◆ Activity
Leaving the pictures aside, reproduce the data in full and word for word.

◆ Information supplied
:::

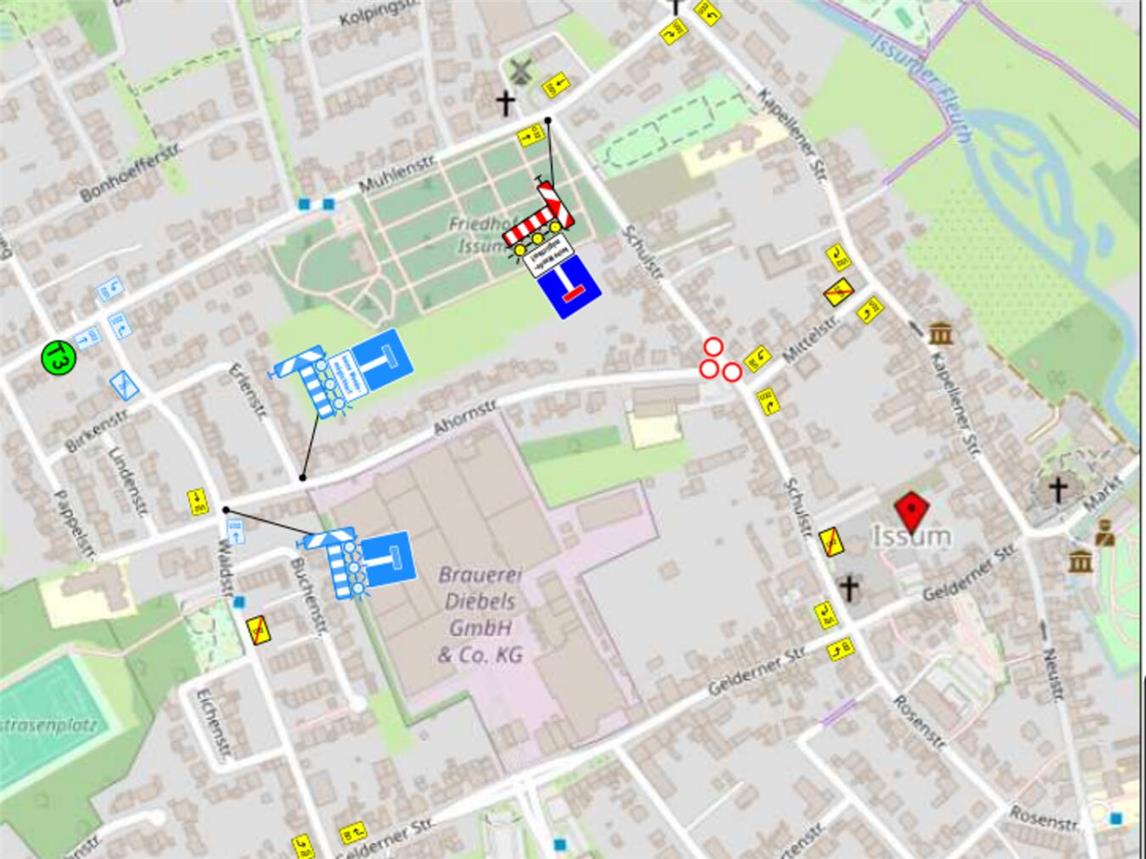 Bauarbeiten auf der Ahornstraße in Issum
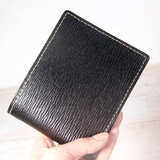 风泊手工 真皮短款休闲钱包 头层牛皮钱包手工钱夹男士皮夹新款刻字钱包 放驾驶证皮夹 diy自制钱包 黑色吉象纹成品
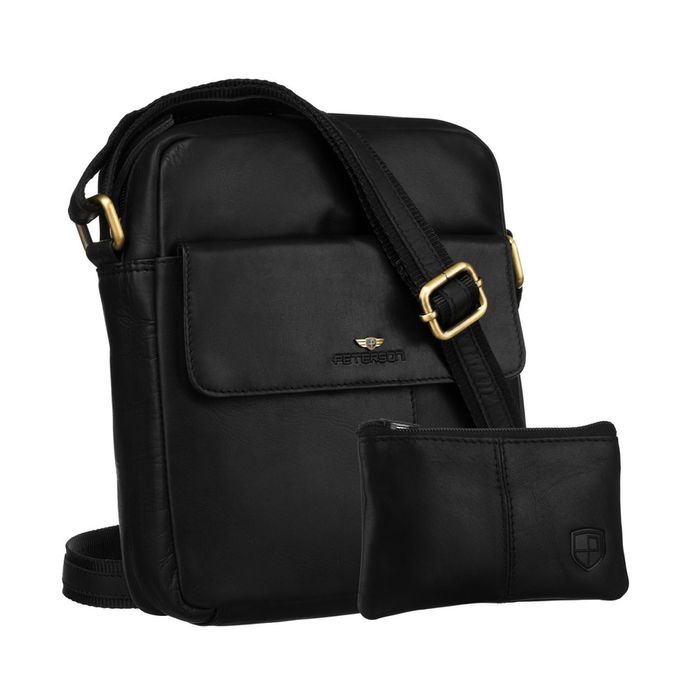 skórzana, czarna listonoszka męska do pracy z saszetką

:::

◆ Result for this task
 Bauarbeiten auf der Ahornstraße in Issum
 风泊手工 真皮短款休闲钱包 头层牛皮钱包手工钱夹男士皮夹新款刻字钱包 放驾驶证皮夹 diy自制钱包 黑色吉象纹成品
 skórzana, czarna listonoszka męska do pracy z saszetką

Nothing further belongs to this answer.